I first came across this type of lift ticket in February 2005 at Sugarloaf. Personally I like the sticky ticket better, it does not flap around. Doesn't this ticket make ski areas more vulnerable to theft of services?, especially since it is pretty easy to find the cable ties that the ski areas use.

I can recall plenty of times skiing at Killington, and quitting early in the day that people would want to buy my ticket. I never did this because it is against the law and I collect all of my tickets. Sticky tickets make this practice alot harder to do.


----------



## tekweezle (Mar 6, 2006)

loafer89 said:
			
		

> Doesn't this ticket make ski areas more vulnerable to theft of services?, especially since it is pretty easy to find the cable ties that the ski areas use.



probably not but only because they already sold the ticket and made their money on it.  maybe it makes it easier for you to sell your ticket in the parking lot.  however, are you going to buy a ticket off someone in the parking lot that says "good for 4 out of 5 ski days" with the expiration date being today?  i;d be hesitant because there is always the fear that the ticket is already expired.

the sticky tickets probably had a higher degree of theft or fraud because the ink on them could be prone to running or smearing in bad weather.  i am sure plenty of people went to guest services all the time complaining that their ticket ripped off in a bad fall.


----------



## highpeaksdrifter (Mar 6, 2006)

loafer89 said:
			
		

> I can recall plenty of times skiing at Killington, and quitting early in the day that people would want to buy my ticket. I never did this because it is against the law and I collect all of my tickets. Sticky tickets make this practice alot harder to do.

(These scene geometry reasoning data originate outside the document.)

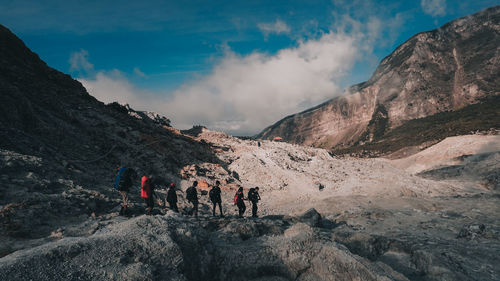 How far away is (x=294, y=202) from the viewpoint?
20359 mm

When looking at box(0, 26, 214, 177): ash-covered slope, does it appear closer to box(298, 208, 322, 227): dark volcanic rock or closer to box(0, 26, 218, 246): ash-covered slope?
box(0, 26, 218, 246): ash-covered slope

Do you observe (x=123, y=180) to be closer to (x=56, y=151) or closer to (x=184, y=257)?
(x=184, y=257)

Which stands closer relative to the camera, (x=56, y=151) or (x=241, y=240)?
(x=241, y=240)

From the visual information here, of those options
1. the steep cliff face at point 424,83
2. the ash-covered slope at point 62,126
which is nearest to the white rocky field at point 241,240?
the ash-covered slope at point 62,126

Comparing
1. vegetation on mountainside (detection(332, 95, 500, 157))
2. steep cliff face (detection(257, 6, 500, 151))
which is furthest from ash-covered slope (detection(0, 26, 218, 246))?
steep cliff face (detection(257, 6, 500, 151))

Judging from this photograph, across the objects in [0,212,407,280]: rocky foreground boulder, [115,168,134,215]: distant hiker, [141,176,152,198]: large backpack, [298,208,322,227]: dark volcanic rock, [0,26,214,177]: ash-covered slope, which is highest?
[0,26,214,177]: ash-covered slope

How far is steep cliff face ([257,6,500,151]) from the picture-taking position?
423ft

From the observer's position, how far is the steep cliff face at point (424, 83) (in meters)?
129

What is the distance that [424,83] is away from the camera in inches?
5620

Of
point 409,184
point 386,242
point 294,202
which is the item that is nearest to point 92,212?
point 386,242

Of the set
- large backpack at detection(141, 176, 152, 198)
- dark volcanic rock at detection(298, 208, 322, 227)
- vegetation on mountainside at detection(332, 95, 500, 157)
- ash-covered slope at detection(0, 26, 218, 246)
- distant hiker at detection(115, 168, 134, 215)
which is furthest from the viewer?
vegetation on mountainside at detection(332, 95, 500, 157)

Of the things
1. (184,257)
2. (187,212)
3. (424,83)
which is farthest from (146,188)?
(424,83)

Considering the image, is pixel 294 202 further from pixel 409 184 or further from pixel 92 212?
pixel 92 212

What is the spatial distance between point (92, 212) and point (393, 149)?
111 meters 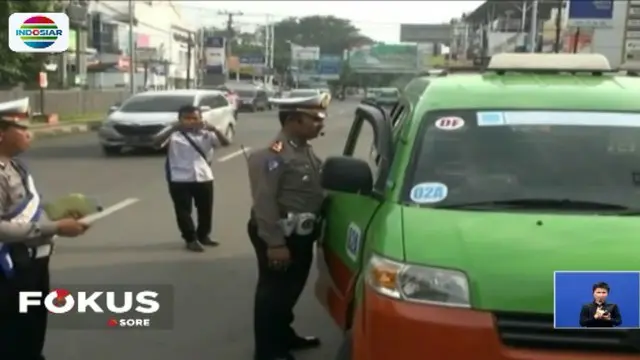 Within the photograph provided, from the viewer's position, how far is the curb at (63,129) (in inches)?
1094

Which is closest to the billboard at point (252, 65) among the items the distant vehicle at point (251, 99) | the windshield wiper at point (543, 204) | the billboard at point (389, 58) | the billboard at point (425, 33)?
the billboard at point (425, 33)

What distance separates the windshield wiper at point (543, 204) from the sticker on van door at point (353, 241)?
23.2 inches

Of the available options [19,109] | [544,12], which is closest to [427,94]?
[19,109]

I never thought of that, but it is true for sure. Just cut the plastic wicket and put a new one through the hole.


----------



## tekweezle (Mar 6, 2006)

probably their justification for charging something like 72$ per lift ticket now at the window.  they probably accept that some sort of used ticket selling is going to happen no matter what.


----------



## Bumpsis (Mar 6, 2006)

*share a ticket ?*



			
				loafer89 said:
			
		

> I can recall plenty of times skiing at Killington, and quitting early in the day that people would want to buy my ticket. I never did this because it is against the law and I collect all of my tickets. Sticky tickets make this practice alot harder to do.

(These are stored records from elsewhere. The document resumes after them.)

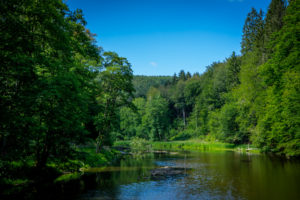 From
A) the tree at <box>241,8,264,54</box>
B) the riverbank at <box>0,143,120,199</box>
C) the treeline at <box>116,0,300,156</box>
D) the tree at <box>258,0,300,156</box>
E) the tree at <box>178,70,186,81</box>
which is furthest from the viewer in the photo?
the tree at <box>178,70,186,81</box>

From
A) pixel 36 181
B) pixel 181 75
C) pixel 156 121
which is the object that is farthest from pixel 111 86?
pixel 181 75

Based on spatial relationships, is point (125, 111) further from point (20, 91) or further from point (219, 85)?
point (20, 91)

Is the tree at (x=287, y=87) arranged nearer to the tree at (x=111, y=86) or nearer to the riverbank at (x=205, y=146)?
the riverbank at (x=205, y=146)

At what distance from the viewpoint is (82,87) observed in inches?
756

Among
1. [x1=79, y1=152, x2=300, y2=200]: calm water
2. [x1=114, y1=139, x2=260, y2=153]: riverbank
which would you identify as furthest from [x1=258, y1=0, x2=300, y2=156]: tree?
[x1=114, y1=139, x2=260, y2=153]: riverbank

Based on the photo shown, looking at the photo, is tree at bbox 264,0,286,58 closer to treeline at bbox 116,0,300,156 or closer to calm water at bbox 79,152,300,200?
treeline at bbox 116,0,300,156

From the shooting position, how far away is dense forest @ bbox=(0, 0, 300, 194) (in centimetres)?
1076

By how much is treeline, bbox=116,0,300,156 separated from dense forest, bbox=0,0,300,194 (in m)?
0.20

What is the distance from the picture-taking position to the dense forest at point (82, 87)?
10758 mm

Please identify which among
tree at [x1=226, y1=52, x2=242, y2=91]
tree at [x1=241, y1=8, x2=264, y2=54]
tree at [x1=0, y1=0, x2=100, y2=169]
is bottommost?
tree at [x1=0, y1=0, x2=100, y2=169]

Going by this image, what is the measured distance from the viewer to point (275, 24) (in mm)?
40594

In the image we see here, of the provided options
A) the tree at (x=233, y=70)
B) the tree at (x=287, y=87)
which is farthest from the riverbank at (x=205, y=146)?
the tree at (x=233, y=70)

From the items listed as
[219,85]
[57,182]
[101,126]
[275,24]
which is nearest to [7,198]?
[57,182]

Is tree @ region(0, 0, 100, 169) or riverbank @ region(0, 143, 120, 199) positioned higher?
tree @ region(0, 0, 100, 169)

I really didn't know that re-selling your ticket is against the law. Is it just in VT or all over?

Seems rather unfair. It's not like you're taking advantage of the ski area. You paid for a day's use of their lifts and trails.  They got your money. They did get paid for what they promise to deliver for THAT specific ticket. It's now up to you to use it as you see fit. If you quit early and sell the remaining portion of your time to someone else, that's perfectly OK in my book. It is NOT theft of services by any stretch. 

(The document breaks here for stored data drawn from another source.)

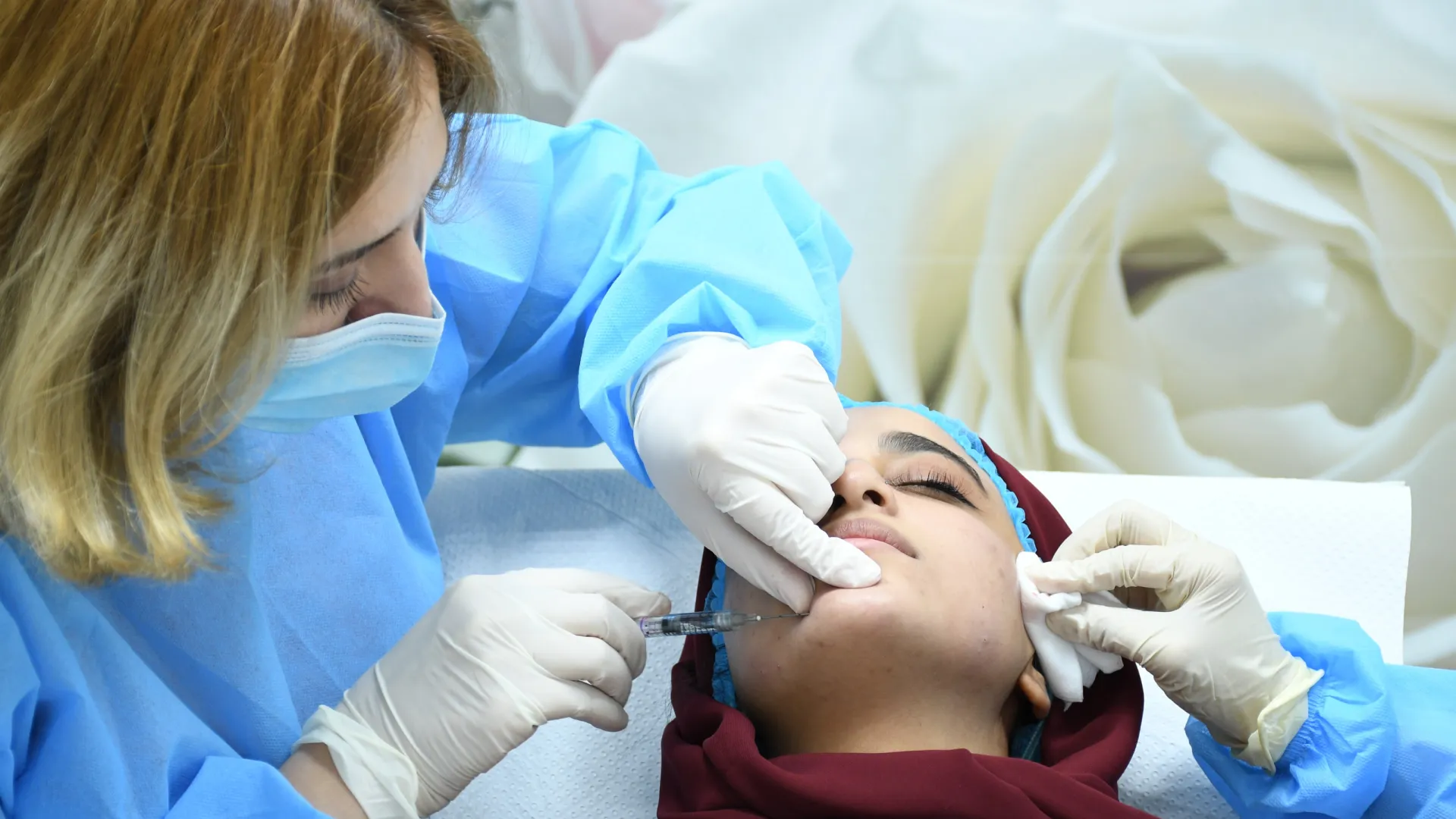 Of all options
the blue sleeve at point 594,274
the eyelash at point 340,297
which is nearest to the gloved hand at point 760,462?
the blue sleeve at point 594,274

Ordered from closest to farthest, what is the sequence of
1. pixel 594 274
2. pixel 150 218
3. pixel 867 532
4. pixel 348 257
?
pixel 150 218 → pixel 348 257 → pixel 867 532 → pixel 594 274

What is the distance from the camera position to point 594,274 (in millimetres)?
1461

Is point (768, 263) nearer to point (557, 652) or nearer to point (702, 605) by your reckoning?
point (702, 605)

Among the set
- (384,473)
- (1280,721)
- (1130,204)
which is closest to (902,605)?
(1280,721)

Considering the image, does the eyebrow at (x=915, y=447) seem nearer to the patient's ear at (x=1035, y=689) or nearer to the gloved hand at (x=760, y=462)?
the gloved hand at (x=760, y=462)

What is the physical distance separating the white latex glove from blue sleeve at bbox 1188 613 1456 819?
27.1 inches

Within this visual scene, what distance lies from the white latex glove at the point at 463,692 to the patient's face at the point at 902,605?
0.17 m

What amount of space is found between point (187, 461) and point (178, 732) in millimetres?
251

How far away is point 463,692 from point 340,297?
404 mm

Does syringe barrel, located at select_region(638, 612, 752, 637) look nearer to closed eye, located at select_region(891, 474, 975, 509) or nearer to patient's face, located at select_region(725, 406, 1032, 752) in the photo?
patient's face, located at select_region(725, 406, 1032, 752)

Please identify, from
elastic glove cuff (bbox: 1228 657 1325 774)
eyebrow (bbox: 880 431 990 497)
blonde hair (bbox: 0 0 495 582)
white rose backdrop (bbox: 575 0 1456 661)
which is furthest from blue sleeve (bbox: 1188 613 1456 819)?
blonde hair (bbox: 0 0 495 582)

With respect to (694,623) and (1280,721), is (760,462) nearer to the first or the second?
(694,623)

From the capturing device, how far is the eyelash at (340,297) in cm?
97

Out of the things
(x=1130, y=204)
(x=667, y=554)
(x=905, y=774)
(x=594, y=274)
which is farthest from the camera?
(x=1130, y=204) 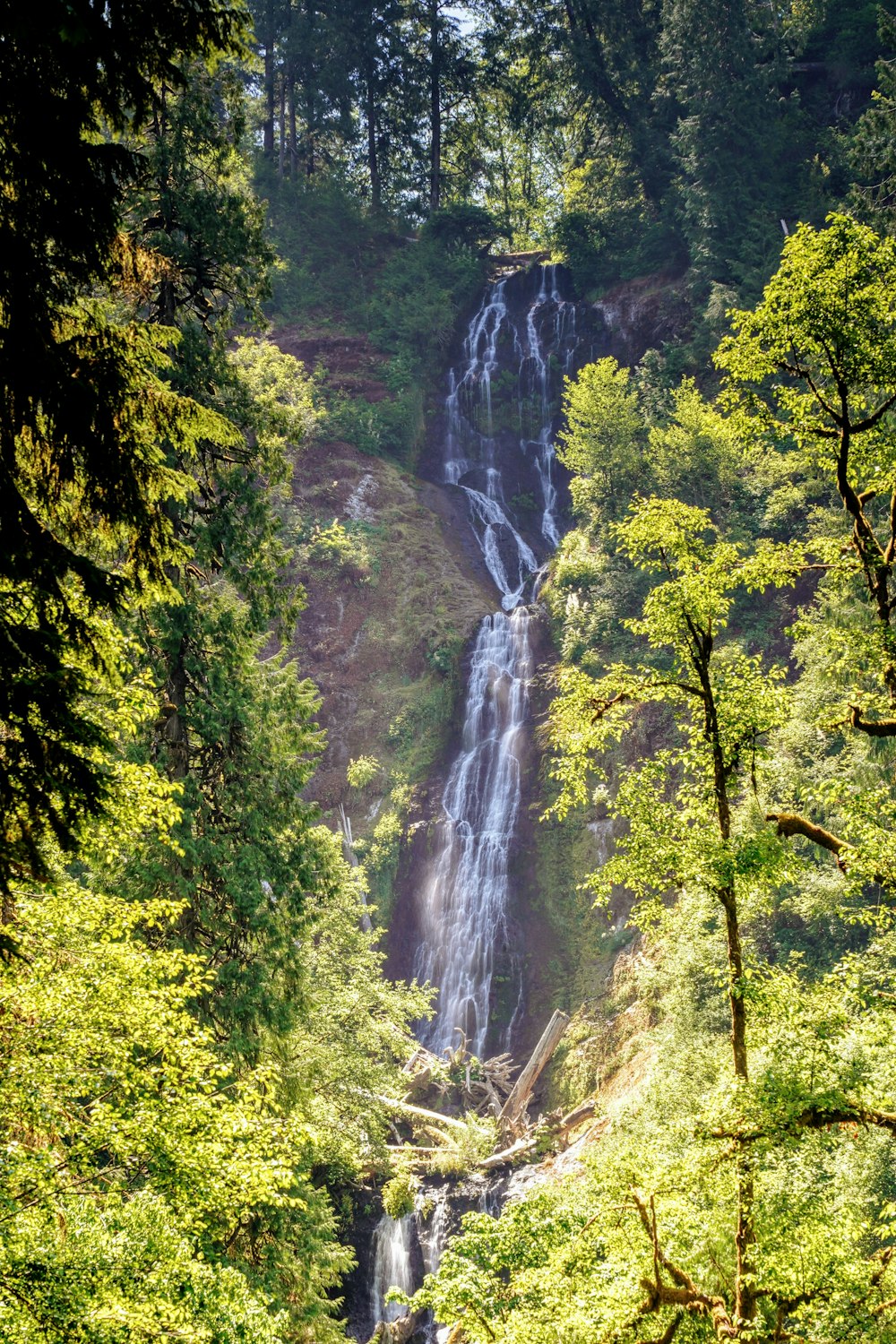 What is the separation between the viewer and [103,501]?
13.6 ft

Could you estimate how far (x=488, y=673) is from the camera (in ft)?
86.9

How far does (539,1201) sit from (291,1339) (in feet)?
13.8

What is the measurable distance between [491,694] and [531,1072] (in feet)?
35.9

I really don't see a moral dilema here. Especially if I choose to GIVE the ticket to somebody else. I have switched jackets with a friend before not really thinking I'm commiting a crime. I wonder if it's illegal if you actually give the ticket away rather than sell it?

It's like buying a meal in a restaurant. If I choose to share, exchange or give away the portion that I didn't eat, on what moral basis should that be a crime??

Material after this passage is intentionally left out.